Limiting a Firm’s Exposure When an Affiliated Agent Has a Side Business
QUESTION: An agent affiliated with my firm received a complaint that was filed with the North Carolina Real Estate Commission regarding a property management issue. My firm only handles sales transactions, and this particular agent does property management on the side under his own firm. The Commission asked for a response from both my firm and the agent, because the tenant stated that my firm had been involved. We were able to show the Commission that my firm had no interaction with the tenant, but it got me thinking, should I do something to make sure our firm does not get entangled with an agent’s side business?
ANSWER: There are several things you can do to mitigate your firm’s exposure caused by an affiliated agent’s actions outside your firm. Specifically, you could limit your agent’s actual and apparent authority. Actual authority is the authority that the agent reasonably thinks he possesses, conferred either intentionally or by want of ordinary care by the principal. Apparent authority is the authority that the principal: (1) has held the agent out as possessing; or (2) permitted the agent to represent that he possesses. Under apparent authority, the principal’s liability for an agent’s action is determined by what authority a person in the exercise of reasonable care was justified in believing the agent possessed.

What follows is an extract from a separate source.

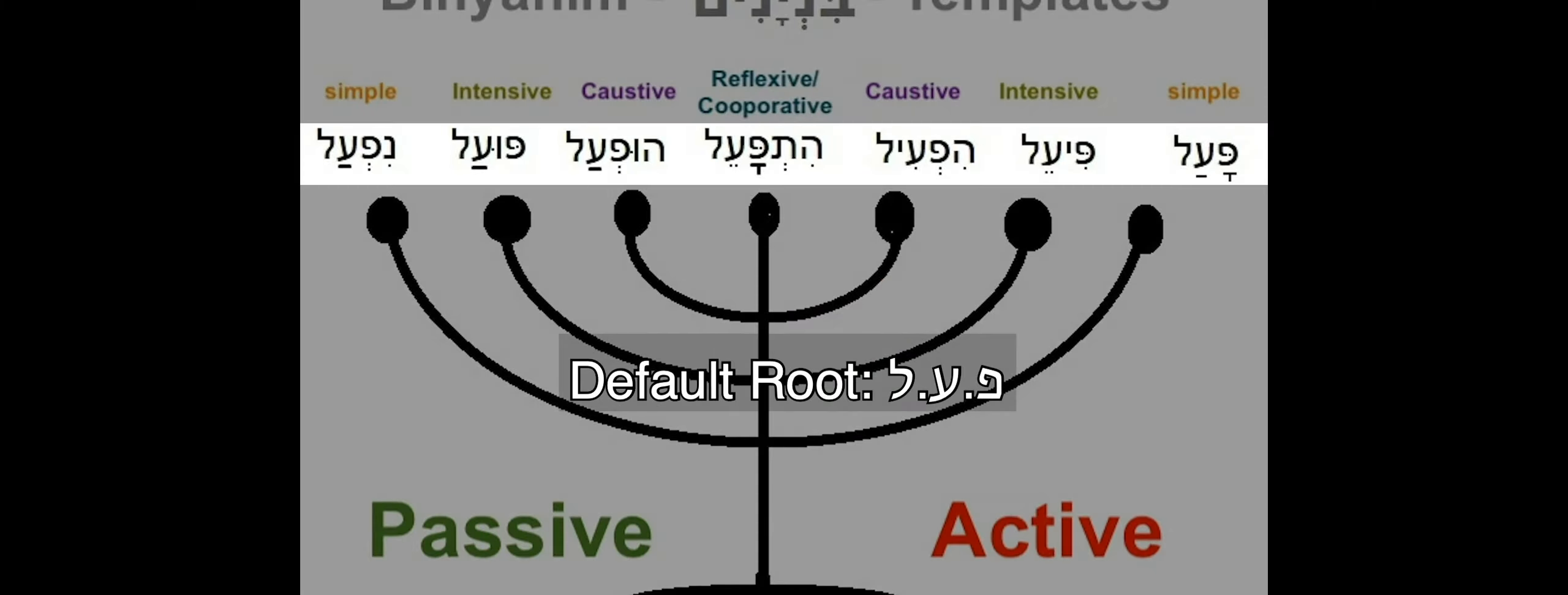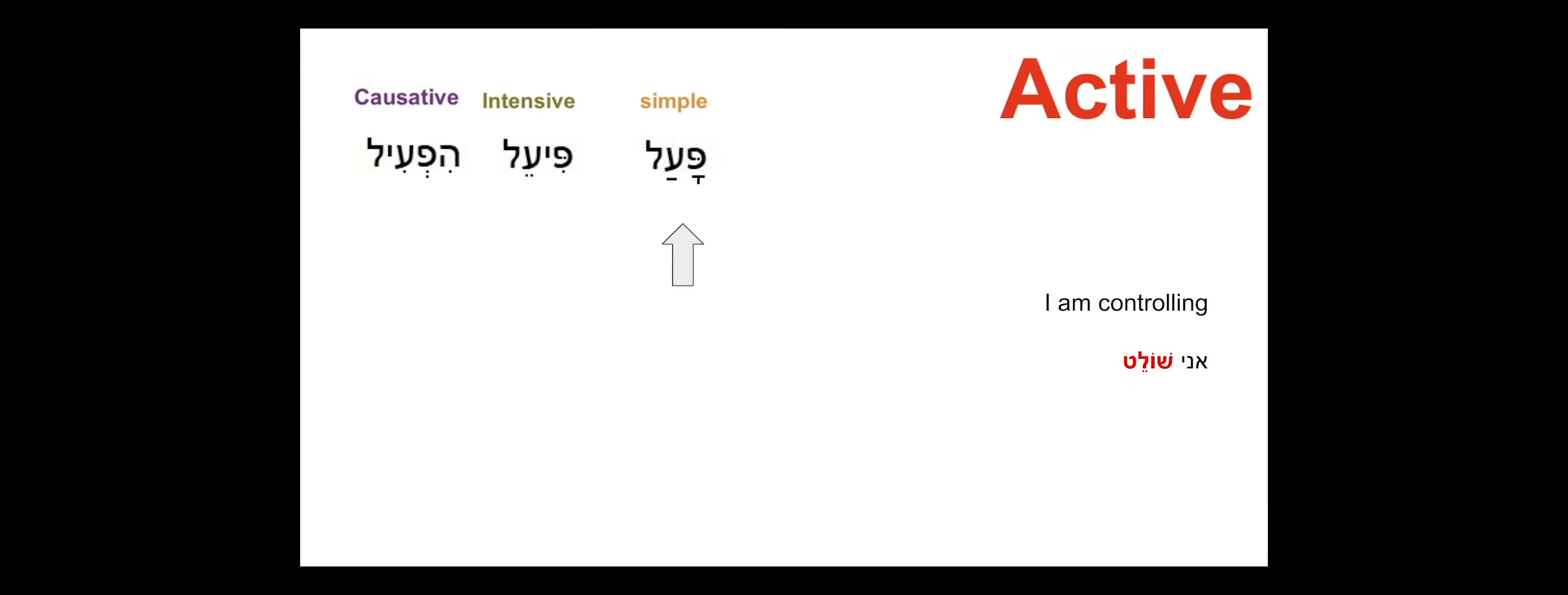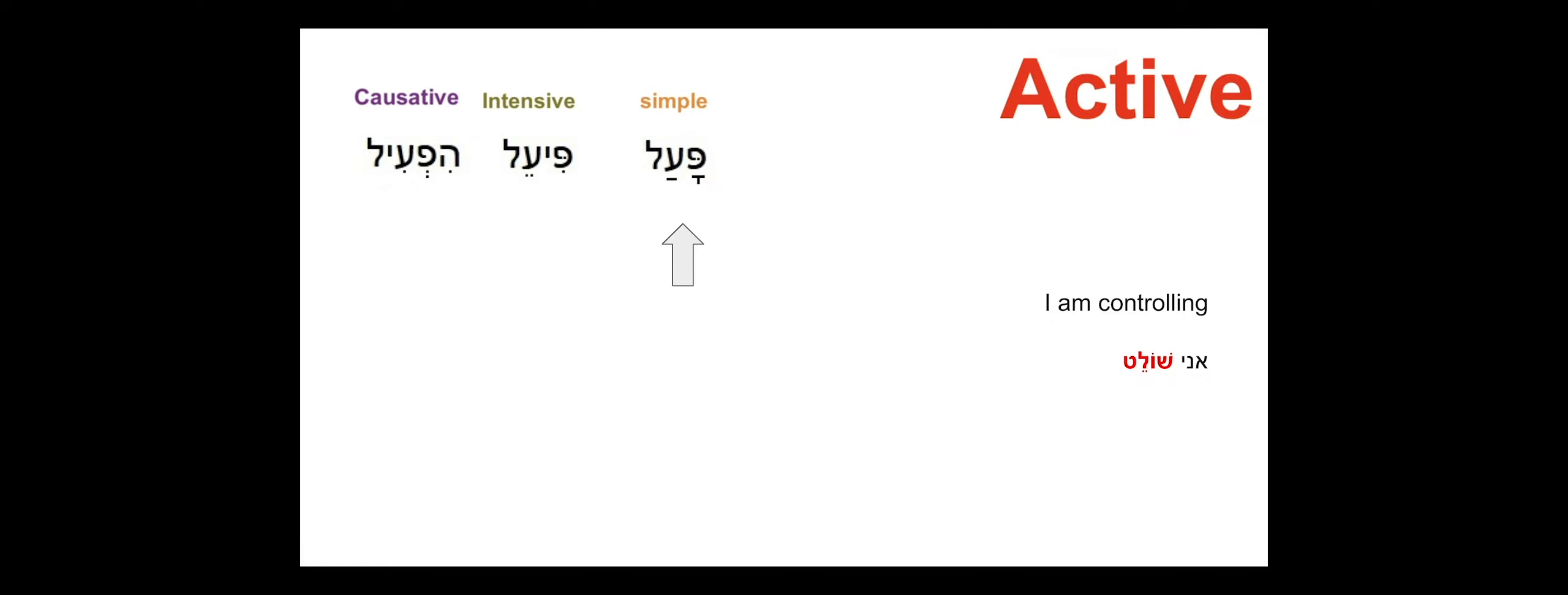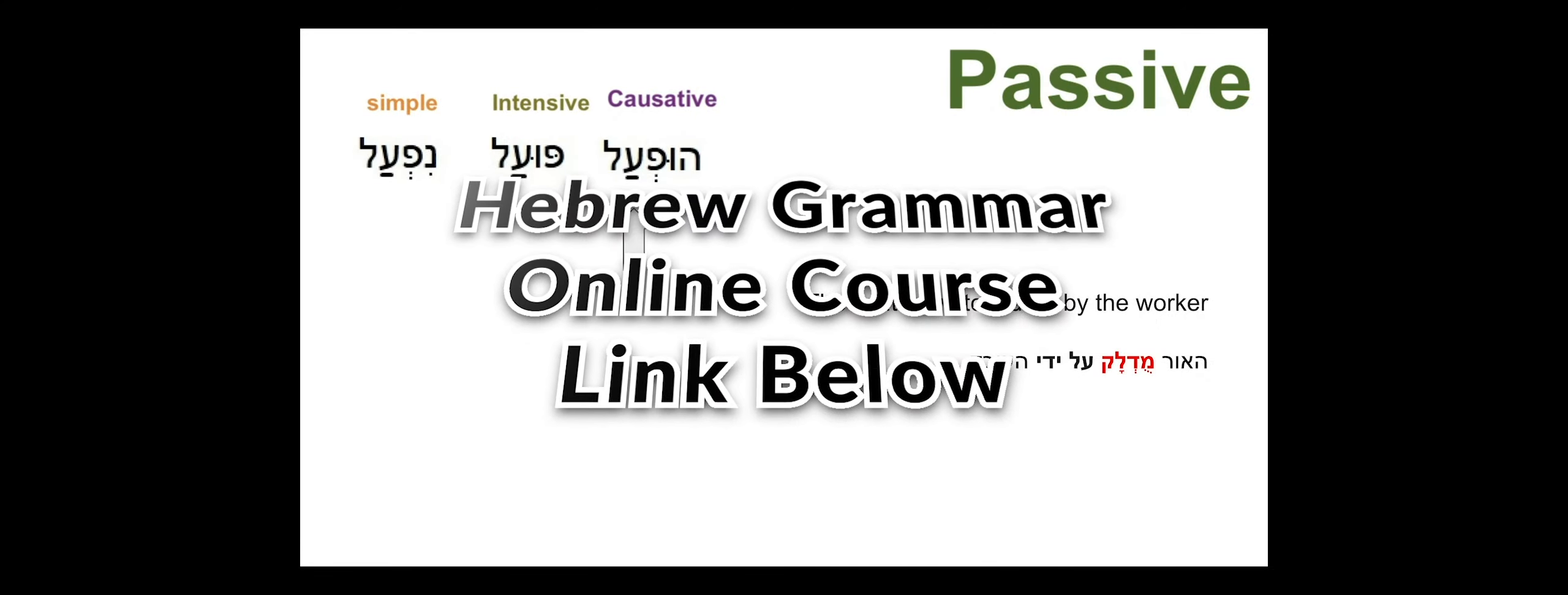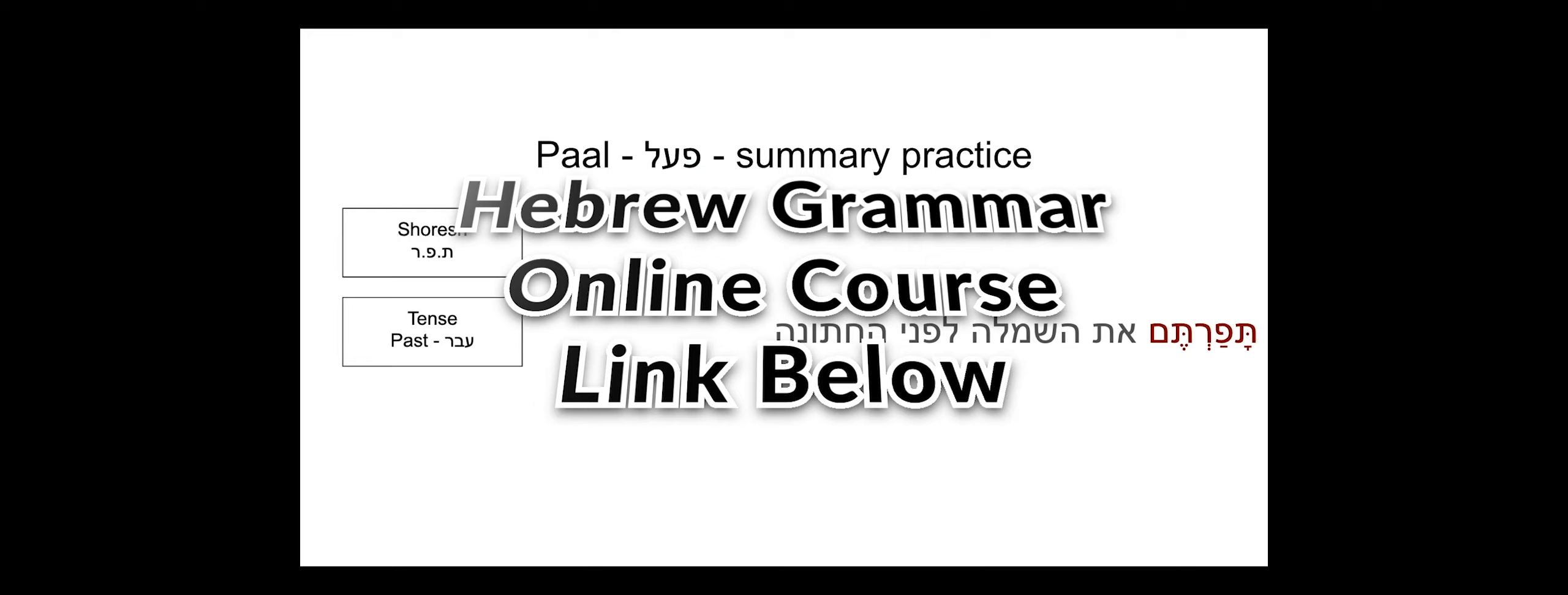If you would like to learn more about Hebrew grammar and how to recognize all the different forms of each verb, join our full online course, Hebrew Grammar Verbs Master Course on Udemy. Link in the description. Good luck!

In this case, your agent has actual authority to represent the firm in its representation of buyers and sellers. He does not have actual authority to bind your firm to an agency agreement with a landlord. However, even though the agent does not have actual authority to bind your firm to a landlord, the agent may have apparent authority. This is because the agent is affiliated with your firm. That affiliation could, in some circumstances, make a landlord believe that your agent is authorized to sign a property management agreement with your firm, even if your firm doesn’t practice property management.
You were fortunate here to be able to show that your firm was not involved with the complaining tenant. To better protect your firm going forward, you might consider doing several things. First, a well-drawn independent contractor agreement will, among other things, require your agent to: (1) take active measures to clearly disclose in their side business materials that your firm is not involved; (2) safeguard your firm’s confidential business information; and (3) require the agent to reimburse the firm and hold the firm harmless should the firm be named in a lawsuit or Commission complaint related to the agent’s side business. Second, you should review your agent’s side business documents to make sure they have clearly disclosed that your firm is not associated with the side business’s activities.